● **TASK OBJECTIVE**
If you see a picture in the data below, omit it and copy the rest exactly.

● **DATA EXCERPT**
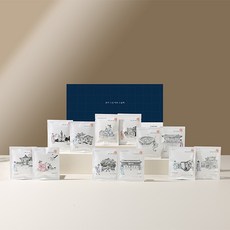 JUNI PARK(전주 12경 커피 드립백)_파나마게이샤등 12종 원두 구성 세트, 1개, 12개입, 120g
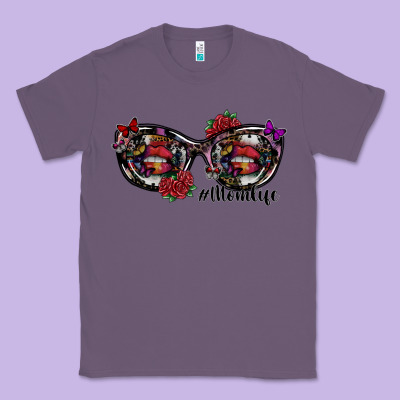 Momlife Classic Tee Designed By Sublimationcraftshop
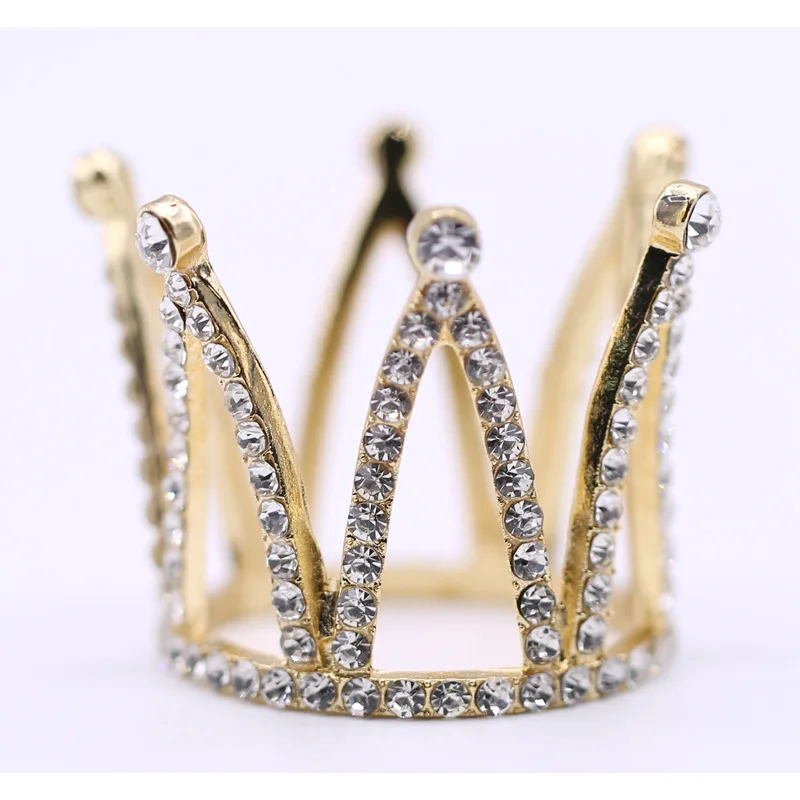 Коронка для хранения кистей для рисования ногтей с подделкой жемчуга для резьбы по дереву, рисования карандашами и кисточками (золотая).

● **RESPONSE TO THIS TASK**
 JUNI PARK(전주 12경 커피 드립백)_파나마게이샤등 12종 원두 구성 세트, 1개, 12개입, 120g
 Momlife Classic Tee Designed By Sublimationcraftshop
 Коронка для хранения кистей для рисования ногтей с подделкой жемчуга для резьбы по дереву, рисования карандашами и кисточками (золотая).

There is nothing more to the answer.